__Task__: Which lines of the listing below contain the word "Satin"? Copy each of them.

__Material for the task__:
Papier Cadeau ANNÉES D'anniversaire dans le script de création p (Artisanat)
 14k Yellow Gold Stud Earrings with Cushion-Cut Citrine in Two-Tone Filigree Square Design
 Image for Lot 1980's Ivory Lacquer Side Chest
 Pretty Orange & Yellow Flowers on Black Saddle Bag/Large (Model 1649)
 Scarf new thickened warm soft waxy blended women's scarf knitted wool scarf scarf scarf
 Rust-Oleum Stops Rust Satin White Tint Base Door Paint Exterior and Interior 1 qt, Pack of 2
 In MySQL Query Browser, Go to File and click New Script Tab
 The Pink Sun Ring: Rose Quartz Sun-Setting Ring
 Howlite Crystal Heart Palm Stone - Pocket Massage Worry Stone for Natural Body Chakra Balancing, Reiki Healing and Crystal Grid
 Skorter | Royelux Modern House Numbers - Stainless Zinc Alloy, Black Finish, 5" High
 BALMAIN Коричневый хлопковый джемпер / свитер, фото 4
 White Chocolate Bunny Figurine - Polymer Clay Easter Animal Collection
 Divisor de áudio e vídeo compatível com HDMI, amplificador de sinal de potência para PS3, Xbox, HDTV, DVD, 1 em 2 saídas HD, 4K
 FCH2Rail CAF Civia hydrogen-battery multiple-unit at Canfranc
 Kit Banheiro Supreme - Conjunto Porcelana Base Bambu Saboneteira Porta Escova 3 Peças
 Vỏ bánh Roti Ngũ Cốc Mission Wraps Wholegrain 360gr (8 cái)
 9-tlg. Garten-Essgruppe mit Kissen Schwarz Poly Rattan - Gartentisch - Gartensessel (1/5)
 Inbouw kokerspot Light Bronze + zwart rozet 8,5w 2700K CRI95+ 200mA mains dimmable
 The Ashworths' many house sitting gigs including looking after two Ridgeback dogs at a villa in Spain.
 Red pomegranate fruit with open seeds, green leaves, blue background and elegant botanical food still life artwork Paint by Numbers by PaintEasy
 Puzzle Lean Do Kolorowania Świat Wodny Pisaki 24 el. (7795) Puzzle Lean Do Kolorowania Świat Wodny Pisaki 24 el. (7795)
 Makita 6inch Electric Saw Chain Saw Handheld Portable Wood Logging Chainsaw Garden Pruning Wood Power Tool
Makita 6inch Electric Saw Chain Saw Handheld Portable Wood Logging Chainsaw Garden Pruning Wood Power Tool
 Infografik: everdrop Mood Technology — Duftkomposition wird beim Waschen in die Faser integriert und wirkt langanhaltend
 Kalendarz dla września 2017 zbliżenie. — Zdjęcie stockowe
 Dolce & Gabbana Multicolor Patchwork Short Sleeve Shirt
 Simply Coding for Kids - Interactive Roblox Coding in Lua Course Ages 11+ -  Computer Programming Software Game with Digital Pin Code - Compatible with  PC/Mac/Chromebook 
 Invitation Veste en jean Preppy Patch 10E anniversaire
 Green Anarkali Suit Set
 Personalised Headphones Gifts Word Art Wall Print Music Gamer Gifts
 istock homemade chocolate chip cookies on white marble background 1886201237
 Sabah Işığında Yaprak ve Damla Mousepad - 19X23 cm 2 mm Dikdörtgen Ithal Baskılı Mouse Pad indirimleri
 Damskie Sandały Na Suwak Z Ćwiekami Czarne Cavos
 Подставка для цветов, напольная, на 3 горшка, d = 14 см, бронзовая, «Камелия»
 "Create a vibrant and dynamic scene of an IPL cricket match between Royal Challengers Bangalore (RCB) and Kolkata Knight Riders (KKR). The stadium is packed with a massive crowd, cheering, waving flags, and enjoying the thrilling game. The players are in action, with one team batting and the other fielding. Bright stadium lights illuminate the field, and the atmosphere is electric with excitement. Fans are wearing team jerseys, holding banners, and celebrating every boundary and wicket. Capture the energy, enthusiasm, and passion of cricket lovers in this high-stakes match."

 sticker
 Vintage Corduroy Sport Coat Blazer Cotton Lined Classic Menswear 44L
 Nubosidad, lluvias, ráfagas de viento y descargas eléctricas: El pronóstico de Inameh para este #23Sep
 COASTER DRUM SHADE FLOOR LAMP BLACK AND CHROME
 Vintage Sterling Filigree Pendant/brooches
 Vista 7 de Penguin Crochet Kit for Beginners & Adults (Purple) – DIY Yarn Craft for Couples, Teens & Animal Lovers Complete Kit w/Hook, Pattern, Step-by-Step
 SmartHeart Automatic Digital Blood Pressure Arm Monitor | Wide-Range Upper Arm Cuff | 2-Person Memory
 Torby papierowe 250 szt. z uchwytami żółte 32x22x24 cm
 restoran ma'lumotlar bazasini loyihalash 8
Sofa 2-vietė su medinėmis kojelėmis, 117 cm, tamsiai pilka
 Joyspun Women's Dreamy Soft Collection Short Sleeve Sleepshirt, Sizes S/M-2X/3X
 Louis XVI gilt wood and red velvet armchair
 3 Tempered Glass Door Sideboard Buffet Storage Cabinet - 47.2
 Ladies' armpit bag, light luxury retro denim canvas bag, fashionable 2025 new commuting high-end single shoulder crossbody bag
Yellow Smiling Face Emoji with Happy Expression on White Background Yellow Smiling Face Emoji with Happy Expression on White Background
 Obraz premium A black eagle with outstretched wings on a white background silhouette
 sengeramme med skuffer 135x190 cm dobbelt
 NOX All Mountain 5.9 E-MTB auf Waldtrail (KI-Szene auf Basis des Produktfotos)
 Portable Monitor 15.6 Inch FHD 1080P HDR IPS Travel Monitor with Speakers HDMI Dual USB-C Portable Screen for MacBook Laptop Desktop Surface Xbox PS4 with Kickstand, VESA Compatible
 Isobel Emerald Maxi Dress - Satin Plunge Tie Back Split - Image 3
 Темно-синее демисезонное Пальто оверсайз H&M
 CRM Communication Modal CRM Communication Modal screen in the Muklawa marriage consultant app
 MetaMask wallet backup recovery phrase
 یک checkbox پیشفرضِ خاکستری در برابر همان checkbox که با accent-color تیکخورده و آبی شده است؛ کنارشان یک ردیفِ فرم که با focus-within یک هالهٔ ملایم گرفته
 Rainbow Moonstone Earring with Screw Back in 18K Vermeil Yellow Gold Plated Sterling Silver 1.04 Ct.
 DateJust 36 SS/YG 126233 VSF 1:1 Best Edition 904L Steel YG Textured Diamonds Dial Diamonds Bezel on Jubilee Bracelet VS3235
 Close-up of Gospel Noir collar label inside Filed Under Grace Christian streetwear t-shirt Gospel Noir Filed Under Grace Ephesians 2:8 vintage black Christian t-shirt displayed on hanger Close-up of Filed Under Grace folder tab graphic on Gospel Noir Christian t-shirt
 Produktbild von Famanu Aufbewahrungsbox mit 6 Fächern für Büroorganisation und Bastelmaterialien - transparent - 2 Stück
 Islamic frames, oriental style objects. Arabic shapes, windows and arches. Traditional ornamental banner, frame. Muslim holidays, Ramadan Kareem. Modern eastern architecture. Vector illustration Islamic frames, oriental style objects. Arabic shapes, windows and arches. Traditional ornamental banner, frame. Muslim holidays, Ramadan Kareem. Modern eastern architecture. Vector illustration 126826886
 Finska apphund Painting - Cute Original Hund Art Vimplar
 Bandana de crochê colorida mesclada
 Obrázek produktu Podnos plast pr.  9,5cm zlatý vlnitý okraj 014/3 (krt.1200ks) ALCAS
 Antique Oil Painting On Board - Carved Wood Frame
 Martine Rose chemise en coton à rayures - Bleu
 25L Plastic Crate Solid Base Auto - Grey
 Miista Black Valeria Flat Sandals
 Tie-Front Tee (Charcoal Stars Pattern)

__Solution for this task__:
 Rust-Oleum Stops Rust Satin White Tint Base Door Paint Exterior and Interior 1 qt, Pack of 2
 Isobel Emerald Maxi Dress - Satin Plunge Tie Back Split - Image 3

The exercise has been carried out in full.